On Mon, 6 Oct 2008, Rainer Gerhards wrote:

> Hi List,
>
> I again have a backwards compatibility question.
>
> HUP, in sysklogd, means a full restart of the syslogd. This is done
> because the configuration may have been changed and to apply the new
> one, the previous one must be shut down. This is even more so the case
> in rsyslog, which has multiple dynamically loadable plugins and all
> that...
>
> rsyslog has implemented HUP processing to be compatible to sysklogd.
>
> However, in practice (as far as I know) HUP is almost always being used
> to close the output files after log rotation.

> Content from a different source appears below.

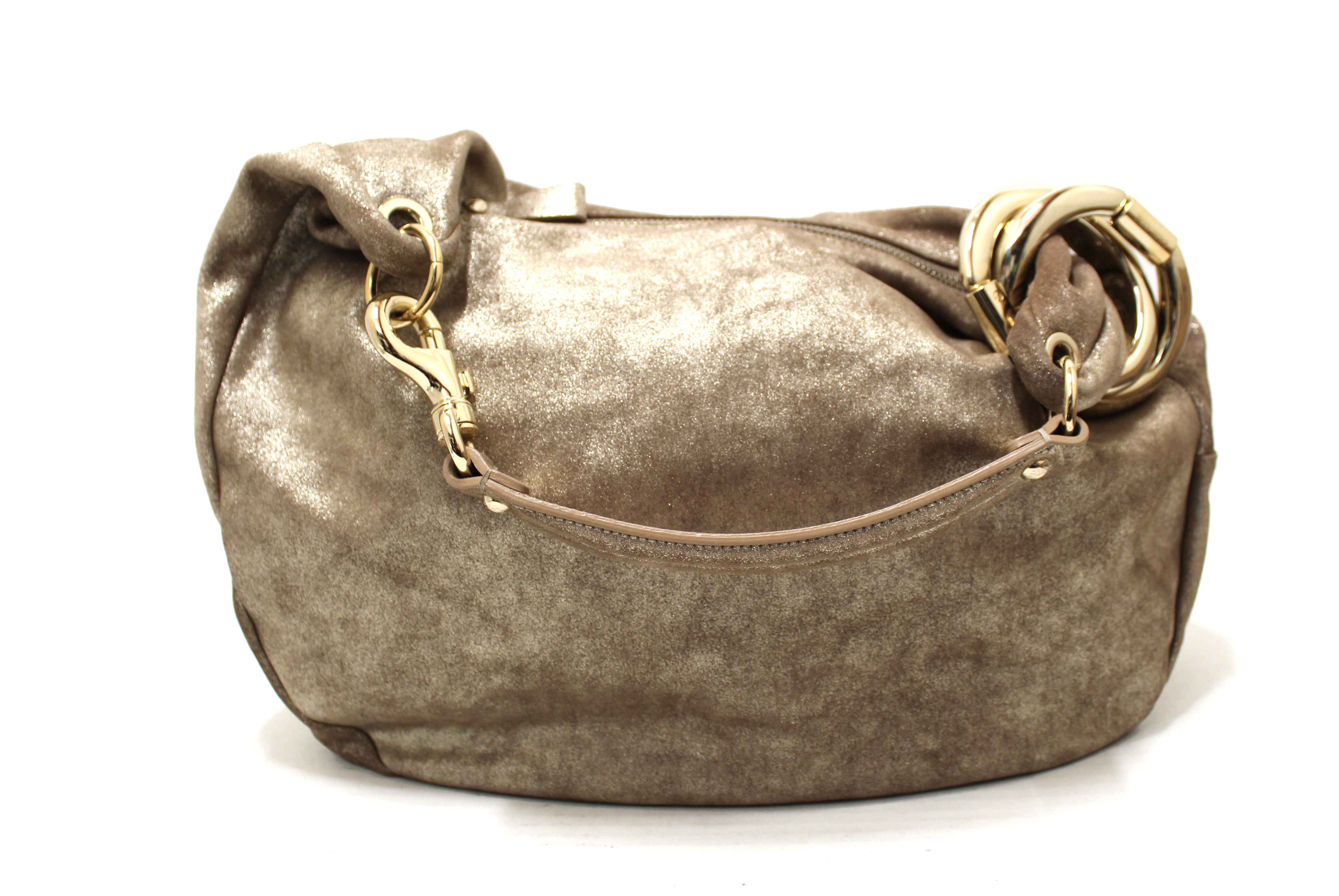 Authentic Jimmy Choo Metallic Gold Shimmer Suede Large Solar Hobo Shoulder Bag - Luxury Designer Handbag for Women, Perfect for Parties, Weddings & Evening Events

An automatted config
> reaload indication usually does not happen (but operators use HUP after
> doing a config change).
>
> HUP, as it currently is, is an extremely expensive operation. Keep in
> mind that it is a full daemon restart, so, among other things, it
> unloads modules and tears down (TCP, RELP, TLS, ...) connections. In
> most cases, though, this would not be needed.
>
> I now consider changing the way HUP works. I would like to model it in a
> way that closes files and clears caches (where useful), but not do a
> full restart.
>
> Initially, I thought to use a special signal (e.g. USR2) for this
> purpose. But still logrotate, as a well-known example, would cause a
> daemon restart where none is needed. So I now think it would be best to
> change HUP in the way described above. Those that need to apply a config
> change would then need to do a regular daemon restart - the same thing
> that is done with other daemons. In order to keep compatible, I would
> add an $HUPisRestart option, by default off, which could be used to
> re-enable previous behavior.
>
> I would appreciate feedback on this plan. Are there any concerns? Is
> this a good idea or a bad one? Does it break something I have not yet
> mentioned?

could you do something along the lines of checking to see if the config 
file changed, and if so do a full restart, otherwise just the flush/close?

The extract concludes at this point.